There's no question Lambert is hurting. Between 2000 and 2003, Lambert lost 43 percent of its flights, far and away the deepest dive of any major airport in the nation, according to a January report published by the U.S. Department of Transportation. However, the task force's own numbers show that airlines can cover the runway debt, even if they don't get a break on passenger fees and the airport's passenger projections prove inaccurate.
Presuming the runway is finished on time and on budget, there'll be enough money to pay debt service even under a $13.54 per-passenger charge and even with 1.5 million fewer passengers annually than predicted by Unison-Maximus, the airport's longtime consultant, according to the task force.
Although airport officials believe otherwise, the task force says Lambert won't be able to compete with other airports, including facilities in Kansas City, Chicago and Indianapolis that have much lower per-passenger charges. In Kansas City, for example, the airport charges airlines $3.24 per passenger, but the low cost hasn't led to a boom in business. The number of passengers who board planes annually in Kansas City has fallen by 1 million since 2001.
Civic leaders in St. Louis may be concerned, but Wall Street isn't overly worried. Moody's had considered lowering the airport's credit rating after American Airlines announced flight cutbacks that took effect in November, but chose to keep the rating at A3.
"That's middle-of-the-investment-grade range," explains Anne Van Praagh, an airport analyst for Moody's. "It's about average for the airport sector, although we do have a negative outlook on the airport."
In announcing its decision to keep Lambert's credit rating unchanged, Moody's in October said the airport would remain economically viable for airlines. At the same time, Fitch Ratings downgraded Lambert's rating from A- to BBB+, still considered investment grade.
John Farrell, spokesman for city comptroller Darlene Green, said he didn't know whether his boss agrees with Moody's assessment that the pre-task force financial plan for the airport would be economically viable for airlines. Green, through Farrell, said she favors keeping per-passenger costs as low as possible to keep the airport competitive, but the spokesman would not elaborate, refusing to say whether Green favors the rate proposed by the task force or the higher rate that would require airlines to bear the full cost of runway debt service. The comptroller, in a written response to written questions, also said completing the runway is the primary goal and airport ownership questions are secondary.
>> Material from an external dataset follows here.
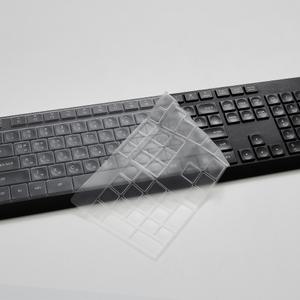 아이노트 KM730R 전용 키스킨 키보드 덮개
But Shrewsbury says there's more to this than simply meeting debt service. Without improvements for passengers and low costs for airlines, Lambert won't grow, he predicts, and the city's image and business prospects will suffer.
"The airport is almost like the taxi driver -- that's your first impression when you come to St. Louis," Shrewsbury says. "Someone who comes to St. Louis and sees a dingy airport with shops closed and ceiling tiles falling off, and rugs and carpeting that's torn and uprooted, they're going to have a bad impression of St. Louis city. Somebody coming to do business and thinking about doing more business in St. Louis very well may judge this city and may judge this metropolitan area based on their experience at the airport."
Darryl Jenkins, a director of the Aviation Institute at George Washington University in Washington, D.C., says it will take more than low passenger fees to restore flights at Lambert. "The problem is, the St. Louis economy is not doing very well," Jenkins said. "If you're going to bring back traffic to Lambert, you do that through improving the economic conditions in St. Louis."